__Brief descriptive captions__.
:::::

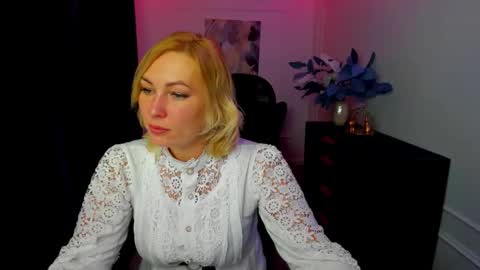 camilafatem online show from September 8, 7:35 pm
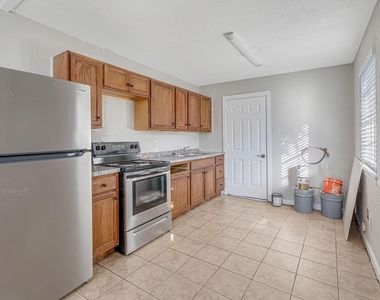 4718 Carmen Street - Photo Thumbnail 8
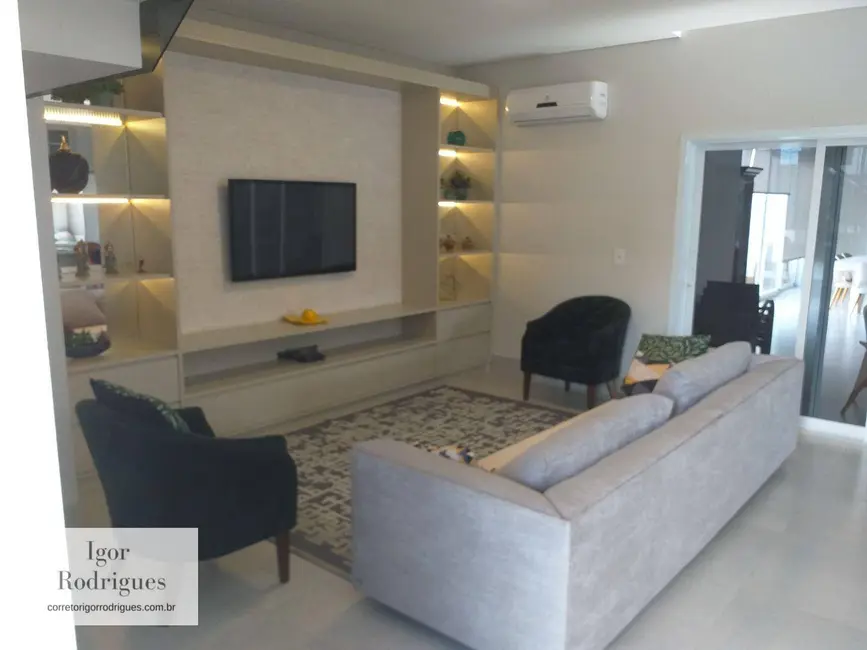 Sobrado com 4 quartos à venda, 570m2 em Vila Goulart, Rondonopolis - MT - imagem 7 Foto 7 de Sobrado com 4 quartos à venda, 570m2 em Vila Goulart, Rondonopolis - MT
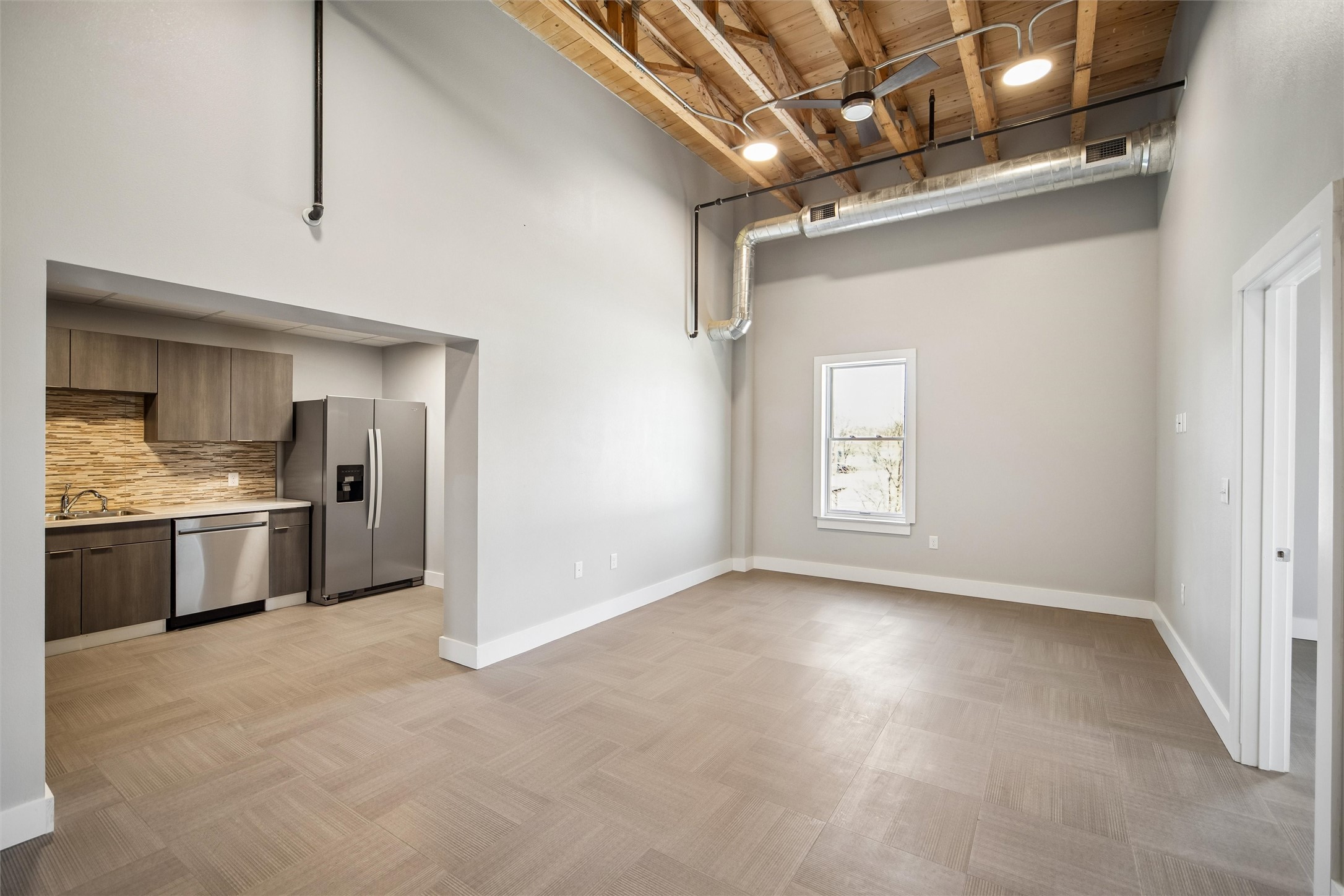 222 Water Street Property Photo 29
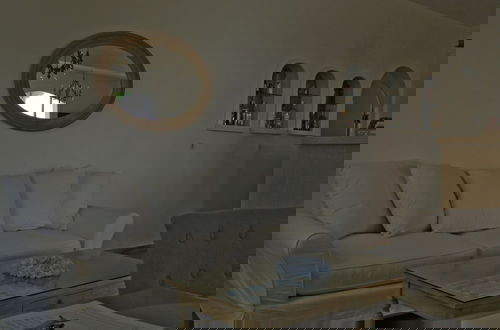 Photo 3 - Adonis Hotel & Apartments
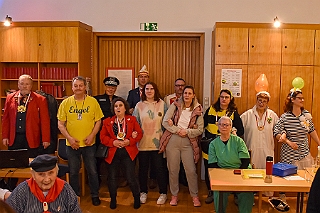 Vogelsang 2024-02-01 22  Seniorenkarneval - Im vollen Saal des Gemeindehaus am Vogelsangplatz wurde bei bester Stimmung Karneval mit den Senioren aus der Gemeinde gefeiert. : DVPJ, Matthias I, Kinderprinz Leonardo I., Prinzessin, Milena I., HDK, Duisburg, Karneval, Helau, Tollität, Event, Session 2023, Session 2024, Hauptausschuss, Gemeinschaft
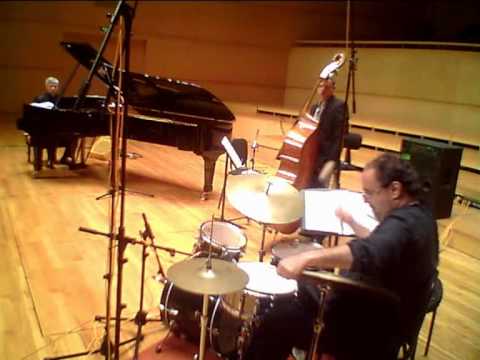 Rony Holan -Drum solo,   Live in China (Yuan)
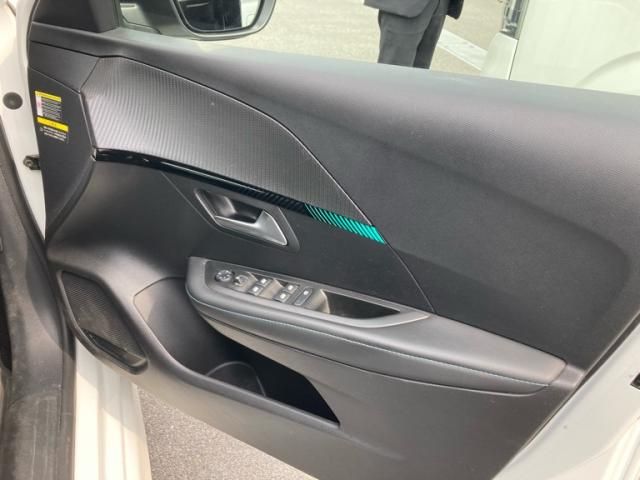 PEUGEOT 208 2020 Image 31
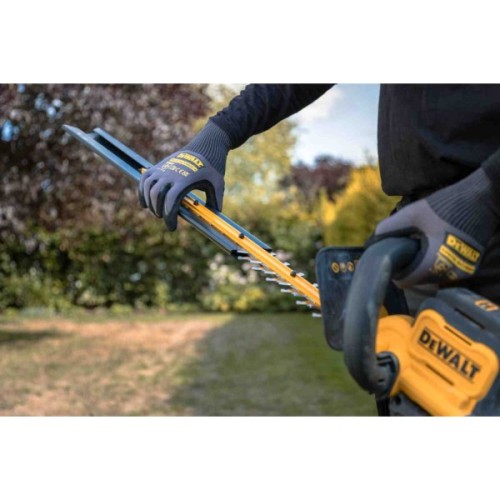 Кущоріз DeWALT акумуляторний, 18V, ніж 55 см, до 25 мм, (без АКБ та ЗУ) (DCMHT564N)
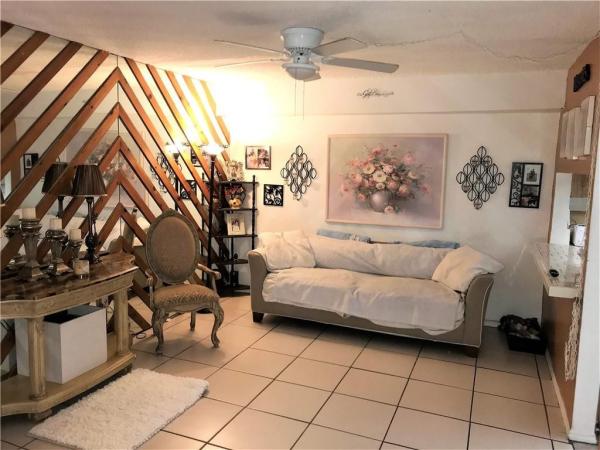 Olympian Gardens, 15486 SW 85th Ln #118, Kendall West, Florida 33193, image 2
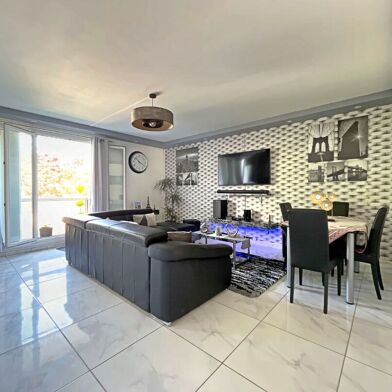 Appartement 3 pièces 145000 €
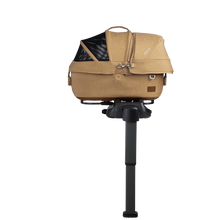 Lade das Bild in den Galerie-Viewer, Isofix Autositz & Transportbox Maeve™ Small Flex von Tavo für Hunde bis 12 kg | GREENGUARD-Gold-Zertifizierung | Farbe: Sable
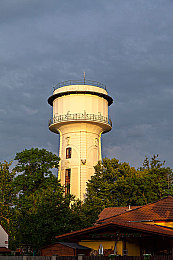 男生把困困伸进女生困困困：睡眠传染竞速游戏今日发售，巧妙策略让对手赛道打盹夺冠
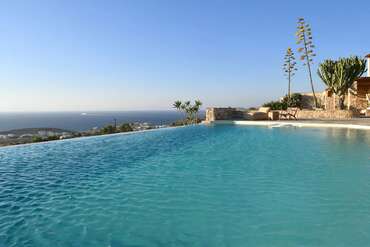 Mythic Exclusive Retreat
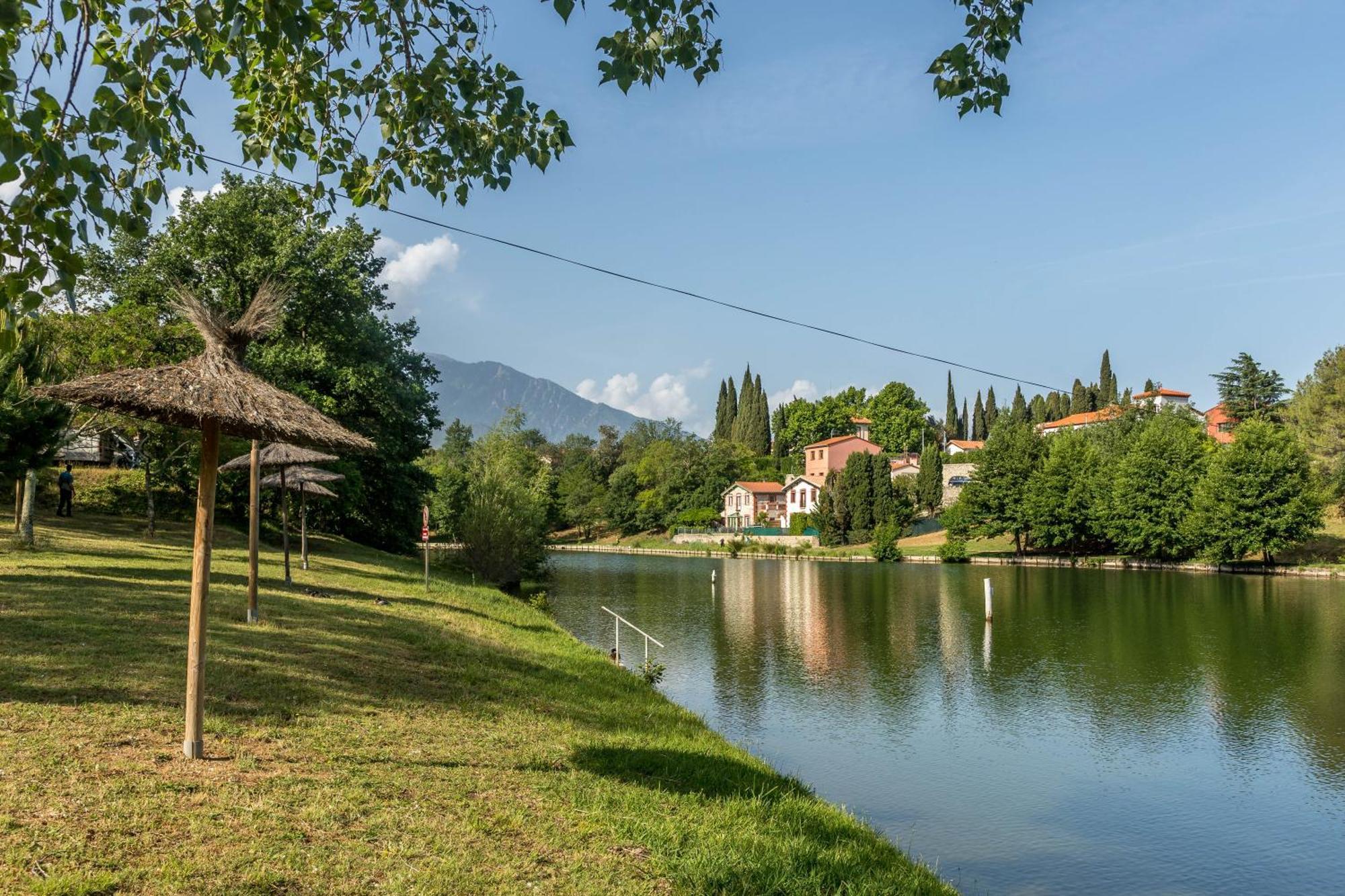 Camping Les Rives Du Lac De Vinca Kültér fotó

:::::

__WHAT THE TASK REQUIRES__. Restate word for word the lines of the data above that begin at the line with "4718 Carmen Street - Photo Thumbnail 8" and end at the line with "Photo 3 - Adonis Hotel & Apartments", keeping both ends and dropping every picture.

__WRITTEN RESPONSE__.
 4718 Carmen Street - Photo Thumbnail 8
 Sobrado com 4 quartos à venda, 570m2 em Vila Goulart, Rondonopolis - MT - imagem 7 Foto 7 de Sobrado com 4 quartos à venda, 570m2 em Vila Goulart, Rondonopolis - MT
 222 Water Street Property Photo 29
 Photo 3 - Adonis Hotel & Apartments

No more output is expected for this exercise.